Could you return every record below word for word, leaving out the pictures?

[Data shown]

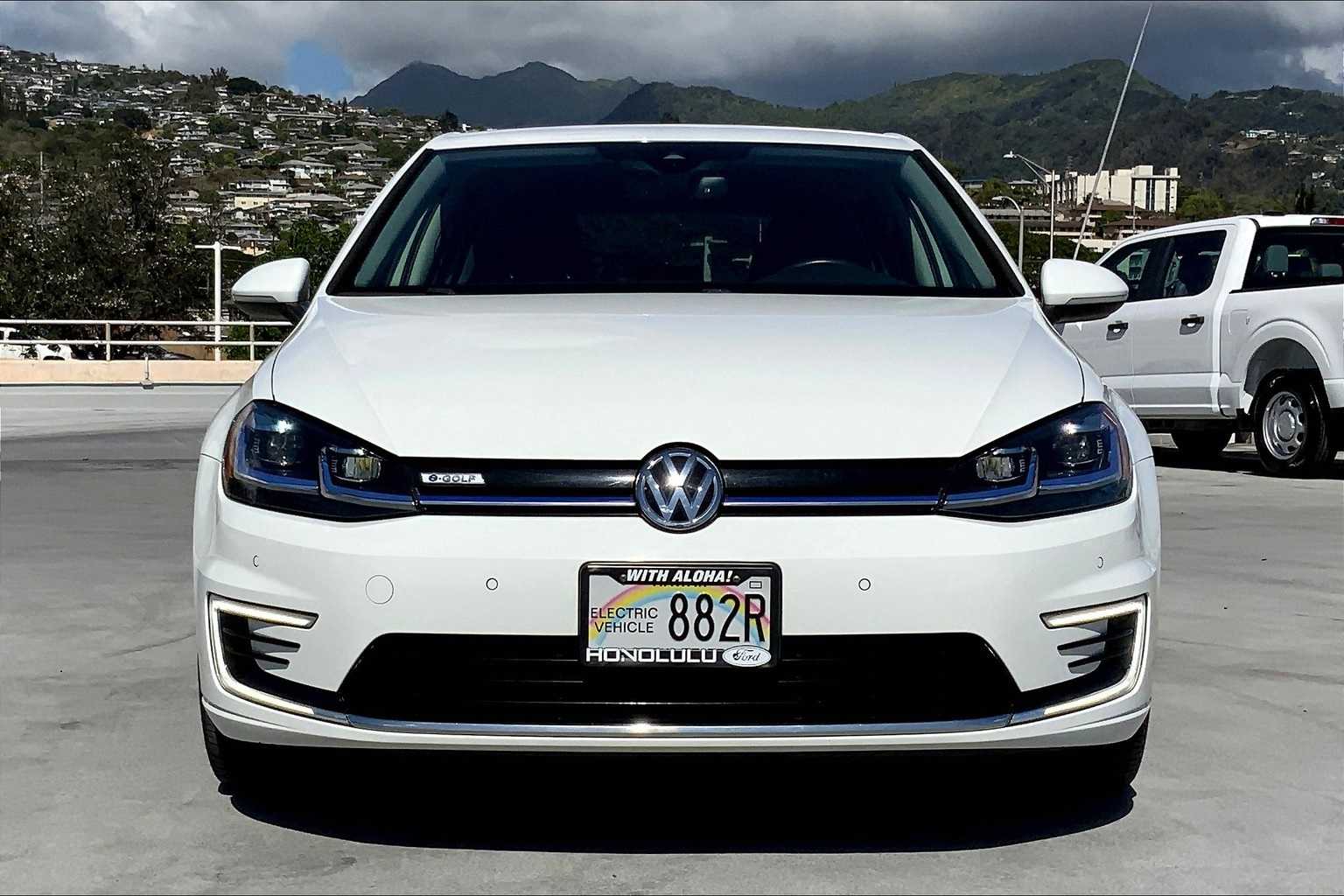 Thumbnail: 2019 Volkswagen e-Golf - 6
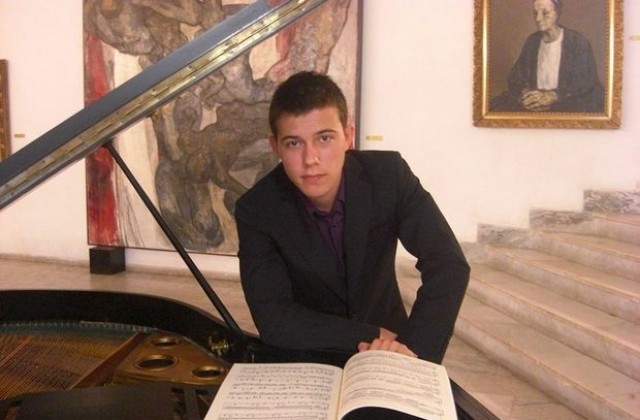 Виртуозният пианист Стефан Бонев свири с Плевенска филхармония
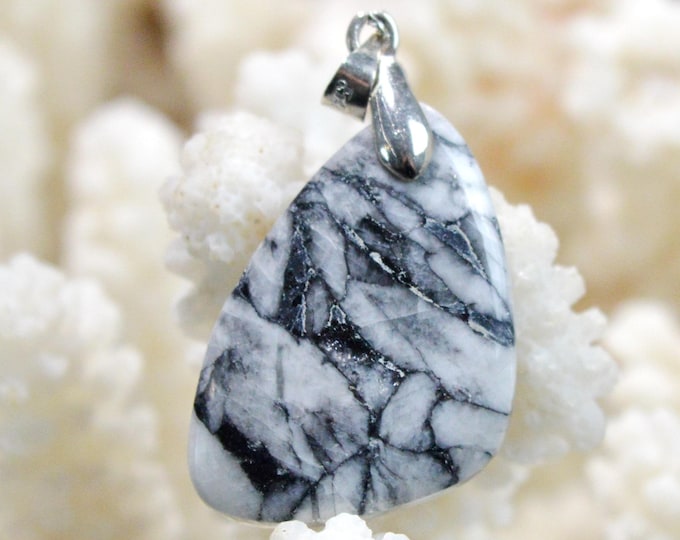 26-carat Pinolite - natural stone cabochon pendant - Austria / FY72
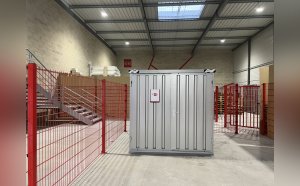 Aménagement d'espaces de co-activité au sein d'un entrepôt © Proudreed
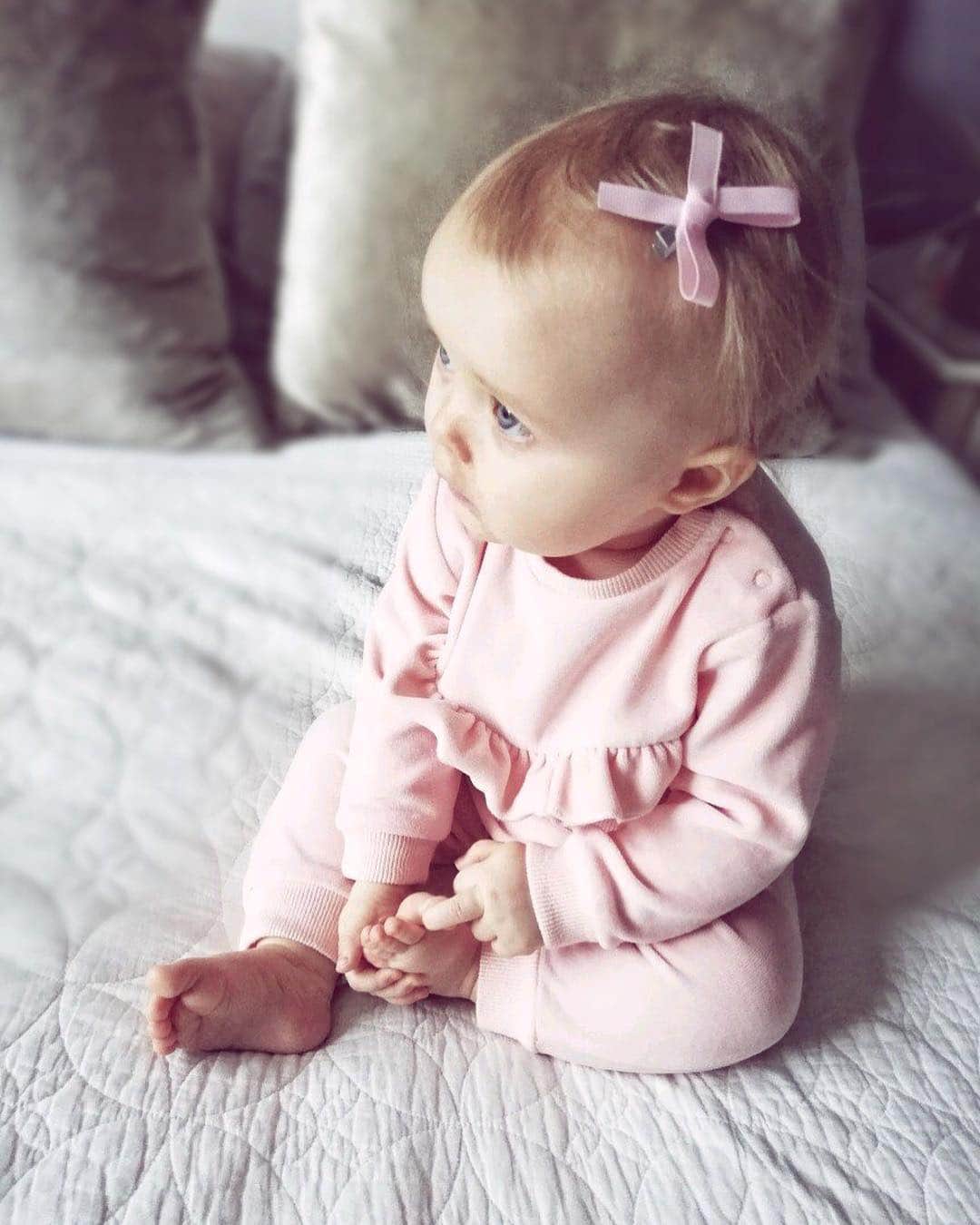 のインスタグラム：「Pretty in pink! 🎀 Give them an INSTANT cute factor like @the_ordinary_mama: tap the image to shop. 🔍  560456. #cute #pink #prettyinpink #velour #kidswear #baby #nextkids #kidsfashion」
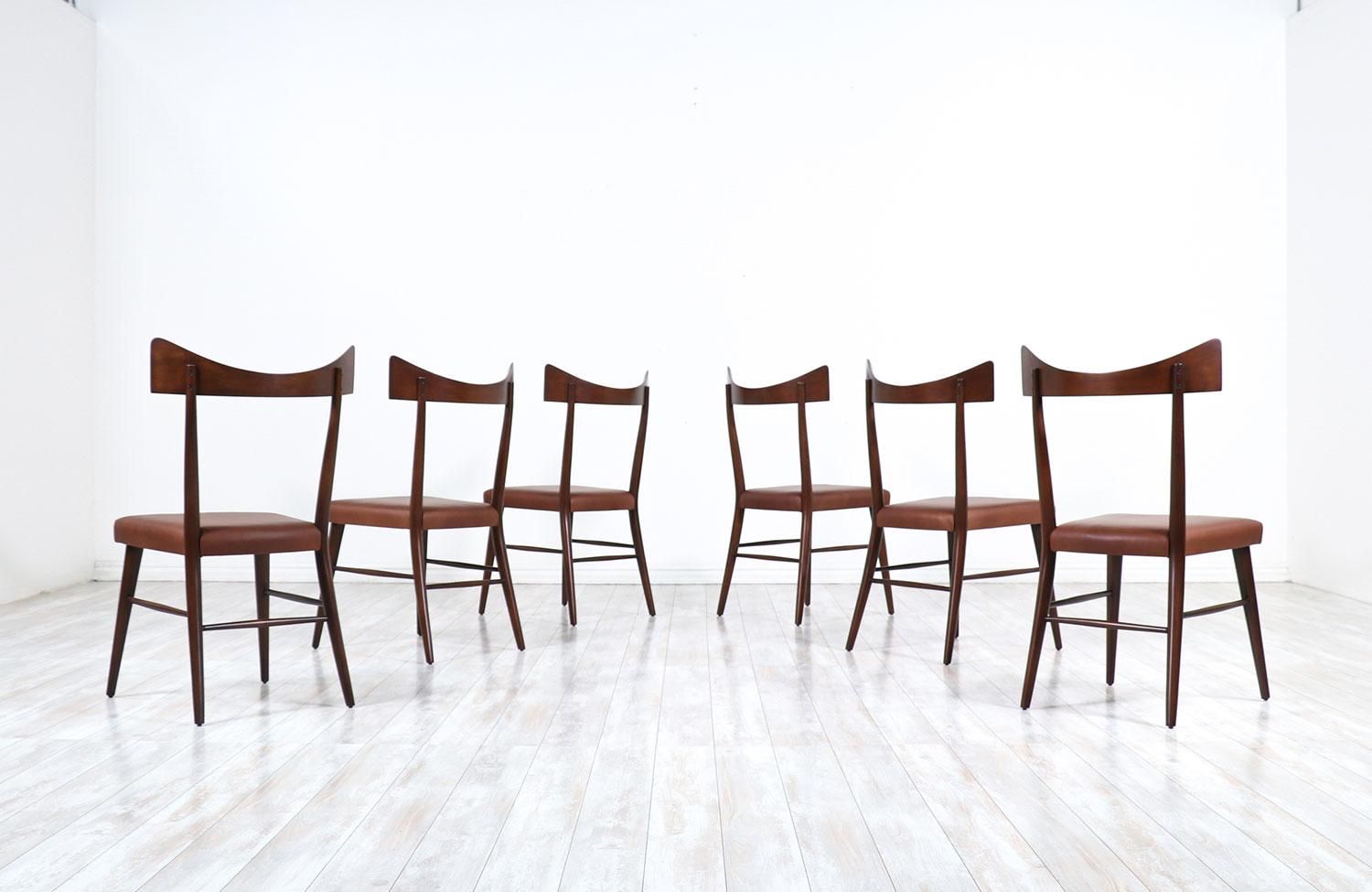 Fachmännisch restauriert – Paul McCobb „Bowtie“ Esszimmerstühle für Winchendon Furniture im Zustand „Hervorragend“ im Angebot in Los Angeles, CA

[/Data shown]

_Exercise result_:
 Thumbnail: 2019 Volkswagen e-Golf - 6
 Виртуозният пианист Стефан Бонев свири с Плевенска филхармония
 26-carat Pinolite - natural stone cabochon pendant - Austria / FY72
 Aménagement d'espaces de co-activité au sein d'un entrepôt © Proudreed
 のインスタグラム：「Pretty in pink! 🎀 Give them an INSTANT cute factor like @the_ordinary_mama: tap the image to shop. 🔍  560456. #cute #pink #prettyinpink #velour #kidswear #baby #nextkids #kidsfashion」
 Fachmännisch restauriert – Paul McCobb „Bowtie“ Esszimmerstühle für Winchendon Furniture im Zustand „Hervorragend“ im Angebot in Los Angeles, CA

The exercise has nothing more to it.